**ABOUT THIS EXERCISE**
Keep the text of the data exactly as it is and omit each picture from the copy.

Records from a dataset
*****
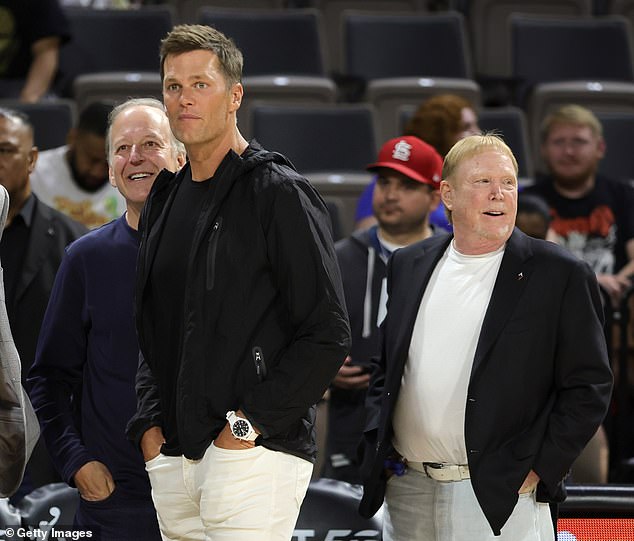 Tom Bradys Deal, ein Stück der Raiders von Mark Davis zu kaufen, ist offenbar ins Stocken geraten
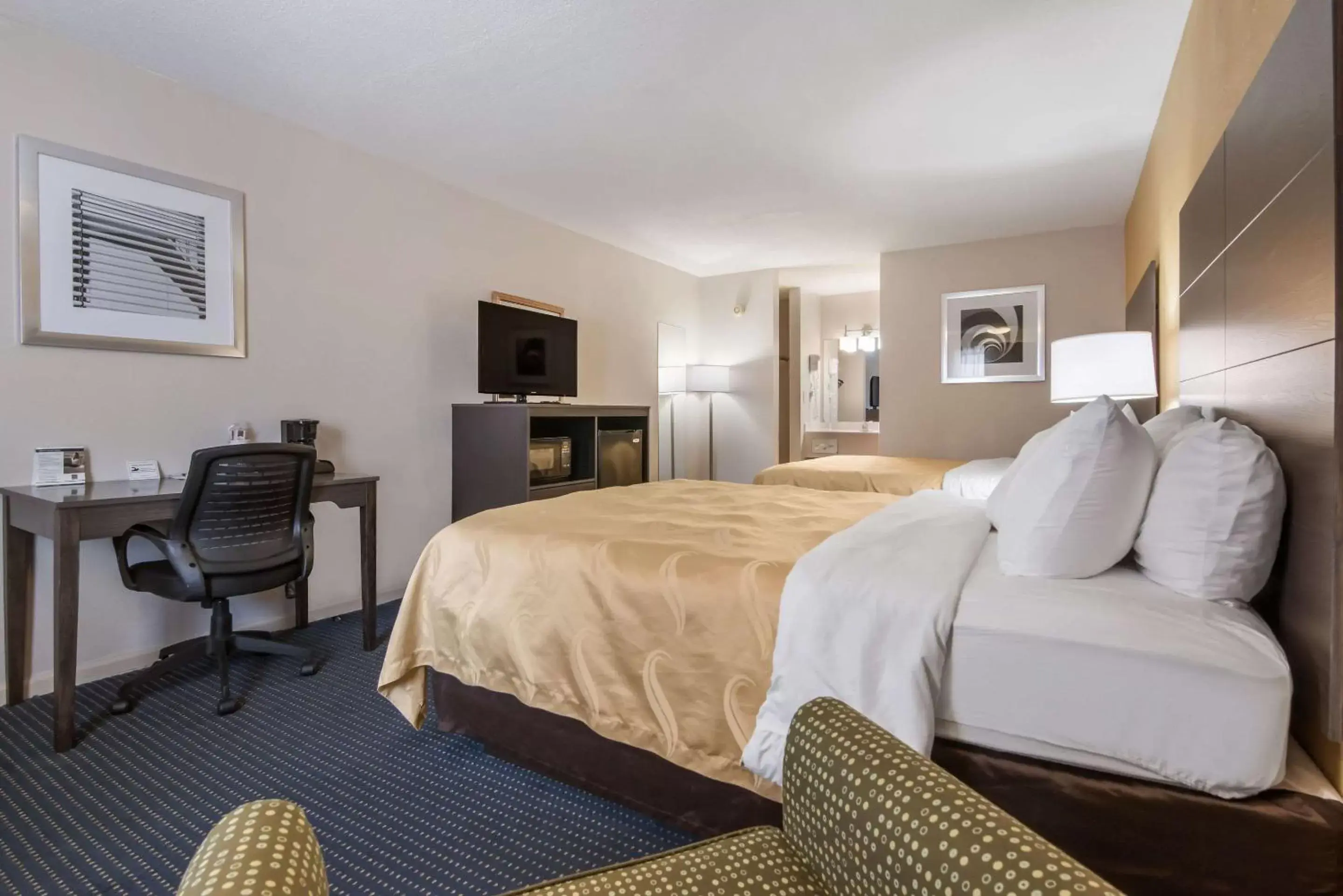 Photo of the whole room, Bed in Quality Inn Little Creek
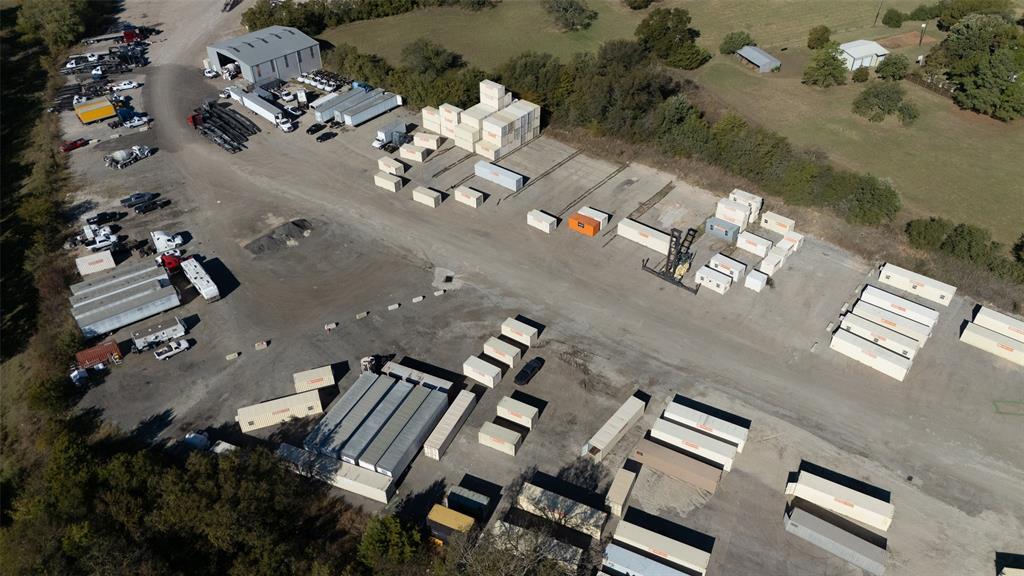 no - Commercial Lease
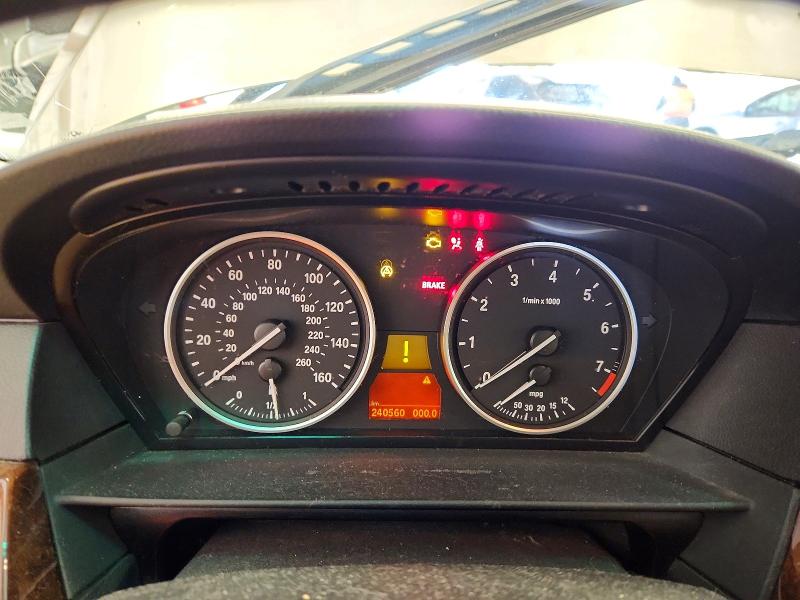 Photo 9 from auction – 2008 BMW 535 with VIN WBANV93538CW51102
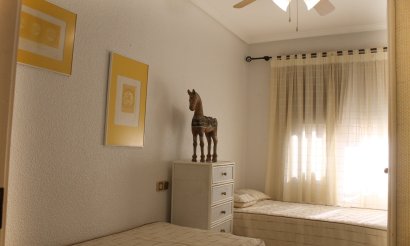 Resale - Apartment / flat - Santa Pola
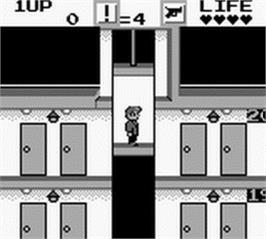 In game image of Elevator Action on the Nintendo Game Boy.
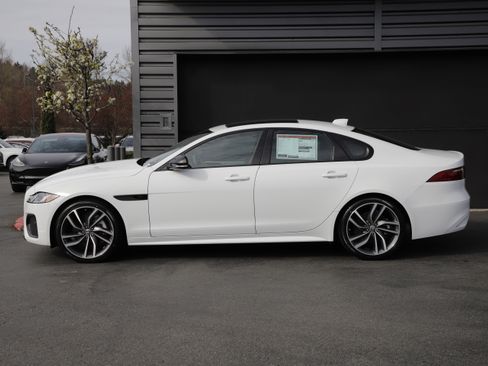 New 2024 Jaguar XF R-Dynamic SE AWD/4WD image 5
*****
**WORKED SOLUTION**
 Tom Bradys Deal, ein Stück der Raiders von Mark Davis zu kaufen, ist offenbar ins Stocken geraten
 Photo of the whole room, Bed in Quality Inn Little Creek
 no - Commercial Lease
 Photo 9 from auction – 2008 BMW 535 with VIN WBANV93538CW51102
 Resale - Apartment / flat - Santa Pola
 In game image of Elevator Action on the Nintendo Game Boy.
 New 2024 Jaguar XF R-Dynamic SE AWD/4WD image 5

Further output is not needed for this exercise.